Die Reform, das bin ich!
Die Themen, die nun im Zuge der Verfassungsreform in Marokko diskutiert werden, sind nicht neu. Seit der Machtübergabe an Mohammed VI. im Jahr 1999 gibt es eine öffentliche Debatte, über die nationale Identität des Landes, über die Heiligkeit seiner Person sowie Forderungen, die Machtfülle des Staatsoberhauptes einzuschränken.
Schon 2001 hatte Mohammed VI. in einer Thronrede Sprache und Kultur der Berber als zentrales Element der nationalen Identität bezeichnet.
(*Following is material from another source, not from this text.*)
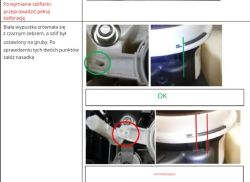 Zrzut ekranu z instrukcją kalibracji: zdjęcia mechanizmu z zielonym i czerwonym oznaczeniem oraz napisy „OK”.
Dies war ein wichtiger Erfolg der marokkanischen Berberbewegung.
Im Vergleich zum Nachbarland Algerien, aber auch anderen arabischen Staaten, die ethnische Bevölkerungsgruppen marginalisieren, konnte man diese Rede durchaus als Beginn einer kulturellen Revolution bezeichnen.
Anerkennung der Berberkultur
Die darauf folgende Gründung eines Königlichen Instituts für Berberkultur 2002, die zunehmende Vielfalt von Medien in einem der drei Berberdialekte sowie die Einführung von Sprachunterricht an marokkanischen Schulen waren weitere Schritte auf dem Weg zur Verfassungsreform von 2011.
Die Anerkennung von Tamazight als zweiter Amtssprache des Landes neben dem Arabischen durch die nun bevorstehende Verfassungsreform ist eine folgerichtige Maßnahme, die gesellschaftliche Pluralität des Landes anzuerkennen. Rund 40 Prozent der Bevölkerung sind Berber.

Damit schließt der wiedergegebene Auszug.